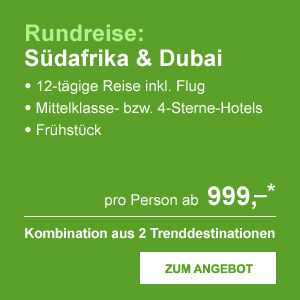 Rundreise Südafrika & Dubai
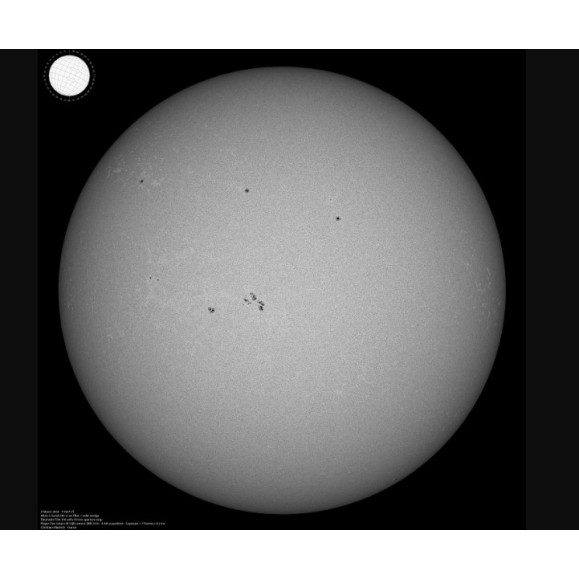 ALTAIR ASTRO Solar Contrast Filter G Band 2nm - 1.25" 430.3nm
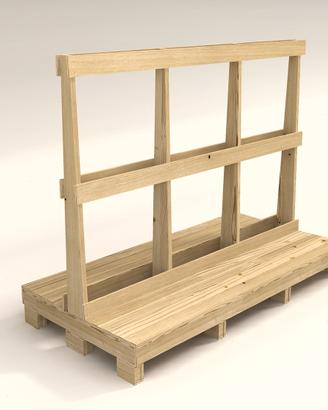 Cavalletto per grandi imballaggi.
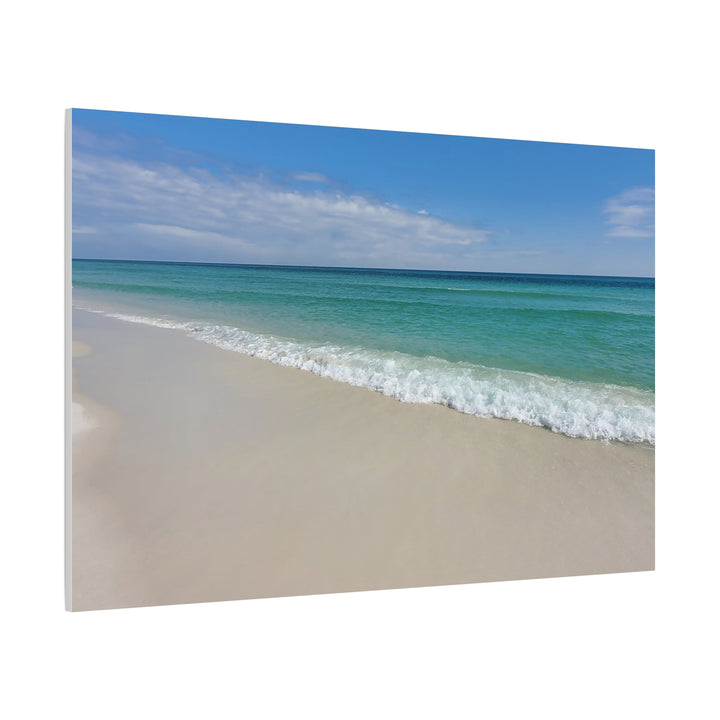 Beach Shoreline Matte Canvas Print – Tranquil Ocean Wall Art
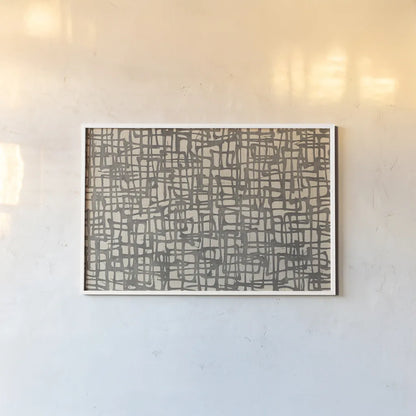 Endless Squares Natural by Wild Apple Portfolio. shown as a paper print in a white frame. Available as a archival giclee rolled canvas, fine art paper, or poster print. SKU 69138i.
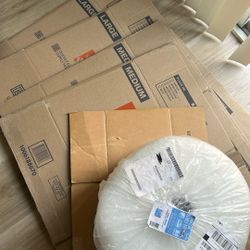Bubble Wrap (unopened) & 5 Moving Boxes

·····

● TRY IT:
Reproduce the records above exactly, but only from the line containing "Endless Squares Natural" through the last line, both included, and without any pictures.

● WRITTEN REPLY:
 Endless Squares Natural by Wild Apple Portfolio. shown as a paper print in a white frame. Available as a archival giclee rolled canvas, fine art paper, or poster print. SKU 69138i.
Bubble Wrap (unopened) & 5 Moving Boxes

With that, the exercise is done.